I am learning c++ and am learning about the virtual keyword. I have scoured the internet trying to understand it to no avail. I went into my editor and did the following experiment, expecting it to print out the base message twice (because I was under the impression that the virtual keyword is needed to override functions). However, it printed out two different messages. Can someone explain to me why we need the virtual keyword if we can simply override functions and still seemingly get polymorphic behavior? Perhaps someone can help me and other people in the future understand virtual vs. overriding. (The output I am getting is "I am the base" followed by "I am the derived").
#include <iostream>
using namespace std;
class Base{
public:
void printMe(){
cout << "I am the base" << endl;
}
};
class Derived: public Base{
public:
void printMe(){
cout << "I am the derived" << endl;
}
};
int main() {
Base a;
Derived b;
a.printMe();
b.printMe();
return 0;
}
Consider the following example. The important line to illustrate the need for virtual
and override
is c->printMe();
. Note that the type of c
is Base*
, however due to polymorphism it is correctly able to call the overridden method from the derived class.
#include <iostream>
class Base{
public:
virtual void printMe(){
std::cout << "I am the base" << std::endl;
}
};
class Derived: public Base{
public:
void printMe() override {
std::cout << "I am the derived" << std::endl;
}
};
int main() {
Base a;
Derived b;
a.printMe();
b.printMe();
Base* c = &b;
c->printMe();
return 0;
}
The output is
I am the base
I am the derived
I am the derived
With the code you have, if you do this
Derived derived;
Base* base_ptr = &derived;
base_ptr->printMe();
What do you think happens? It will not print out I am the derived
because the method is not virtual, and the dispatch is done off the static type of the calling object (i.e. Base
). If you change it to virtual the method that is called will depend on the dynamic type of the object and not the static type.

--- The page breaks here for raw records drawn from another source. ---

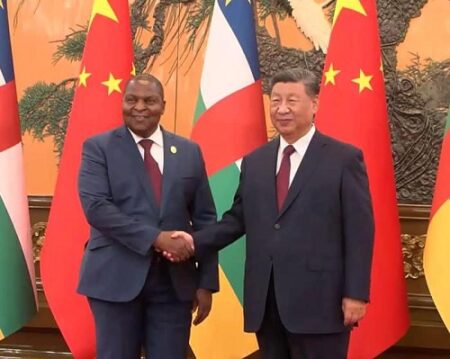 Le Président centrafricaine, Faustin Archange Touadera, à gauche, et le Président chinois, Xi Jinping , à droite, au palais du peuple en Chine, le 6 septembre 2024. Copyrightla renaissance.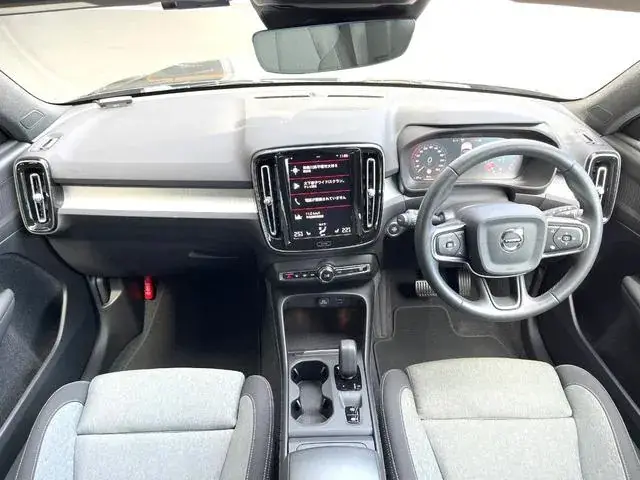 Volvo Xc40 photo 2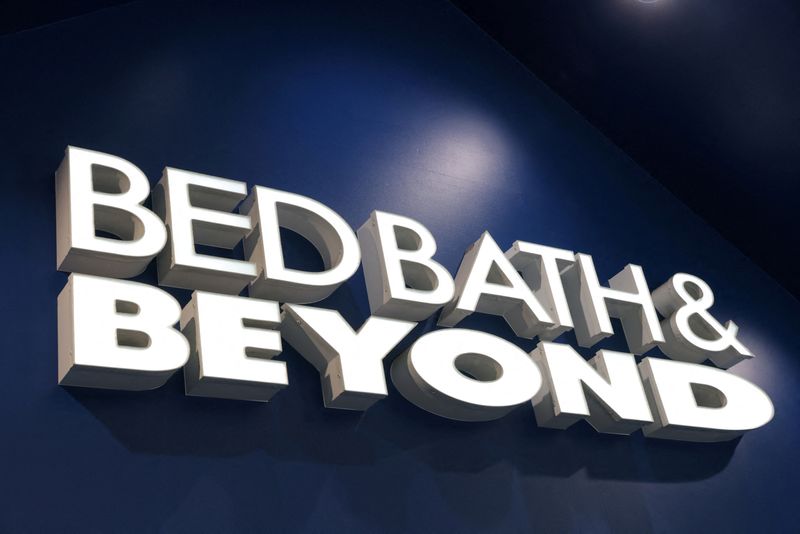 Bed Bath & Beyond falls after disclosing a stock offering plan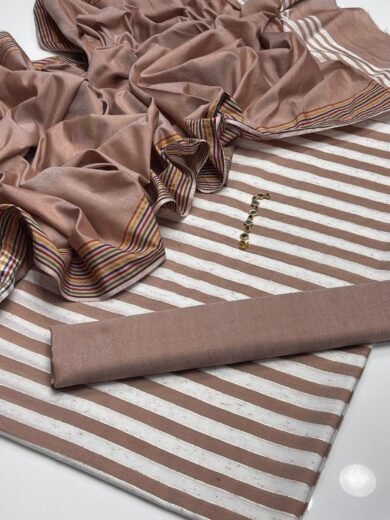 Khaddi Lawn 3PC Unstitched Suit – 2.5m Shirt, Trouser & Dupatta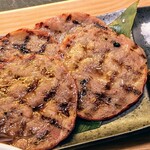 牛たん伊地知 - 牛たん定食の牛タン（牛たん伊地知 五反田東急スクエア店）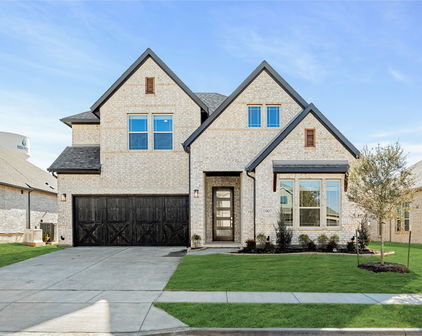 1907 Midhurst Dr, Forney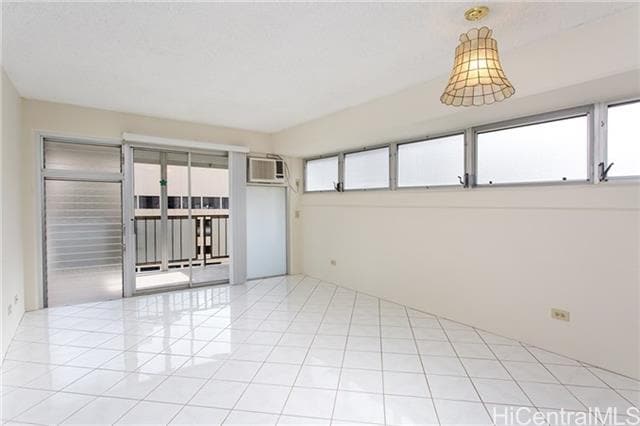 property at 2465 Kuhio Ave.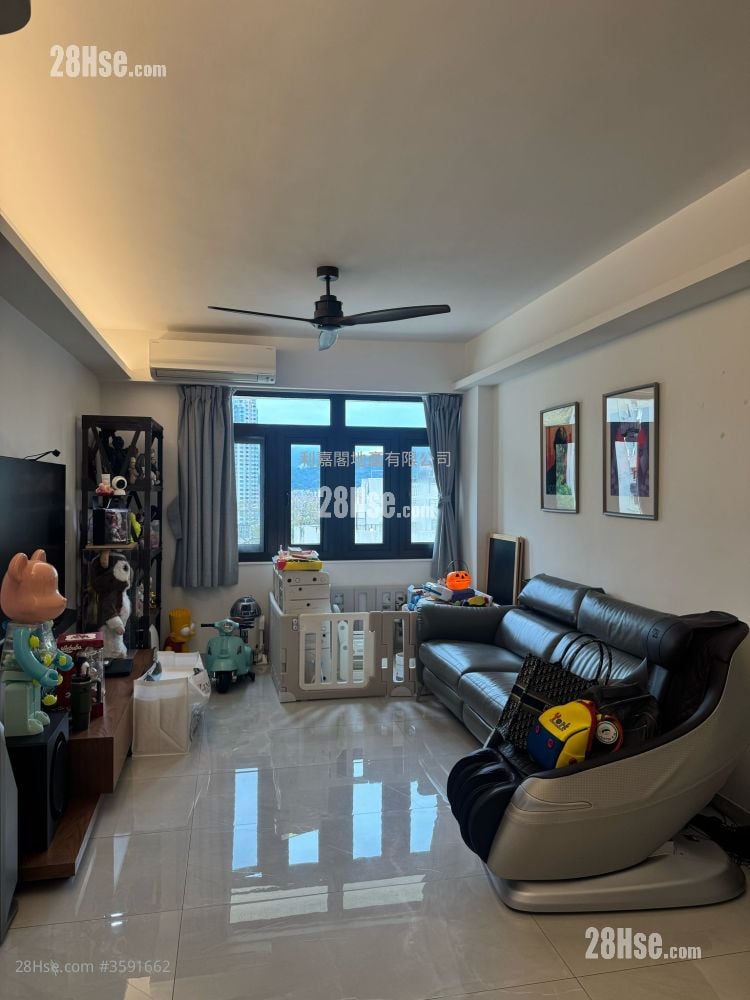 Woodcrest Hill Sell 3 Bedrooms , 2 Bathrooms 936 ft² ( 87.0 m² )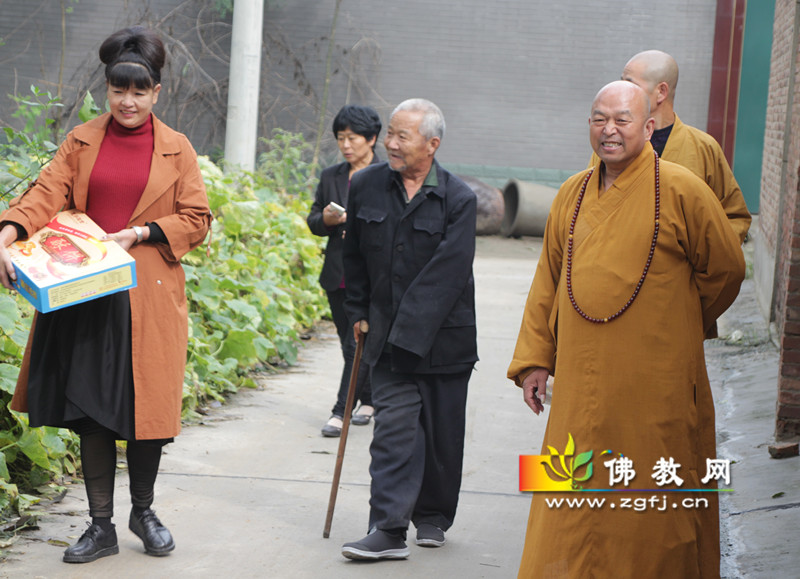 万生法师与贫困户亲切交谈_副本.jpg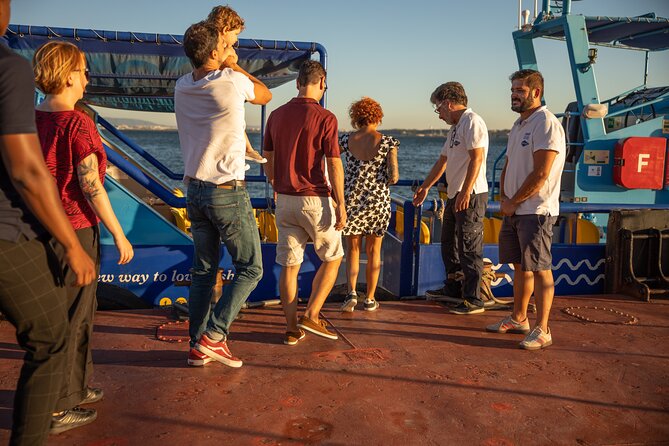 Lisbon Boat Cruise - The Guidance Style: Self-Viewing Wins, Narration Fans Should Prep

You're not seeing the behaviour here because you've declared b
to be of type Derived
so the compiler knows what functions to use. In order to expose why virtual
is necessary you need to mix things up:
int main() {
Base a;
Base *b = new Derived();
a.printMe();
b->printMe();
delete b;
return 0;
}
Now b
is of type Base*
which means it's going to use the functions on Base
plus whatever's in the virtual function table. This breaks your implementation. You can fix it by properly declaring things virtual
.
override
is a new keyword added in C++11.
You should use it because:
the compiler will check if a base class contains a matching virtual
method. This is important since some typo in the method name or in its list of arguments (overloads are allowed) can lead to the impression that something was overridden when it really was not.
if you use override
for one method, the compiler will report an error if another method is overridden without using the override
keyword. This helps detect unwanted overrides when symbol collisions happen.
virtual
doesn't mean "override". In class doent use "override" keyword than to override a method you can simply write this method omitting "virtual" keyword, override will happen implicitly. Developers were writing virtual
before C++11 to indicate their intention of override. Simply put virtual
means: this method can be overridden in a subclasses.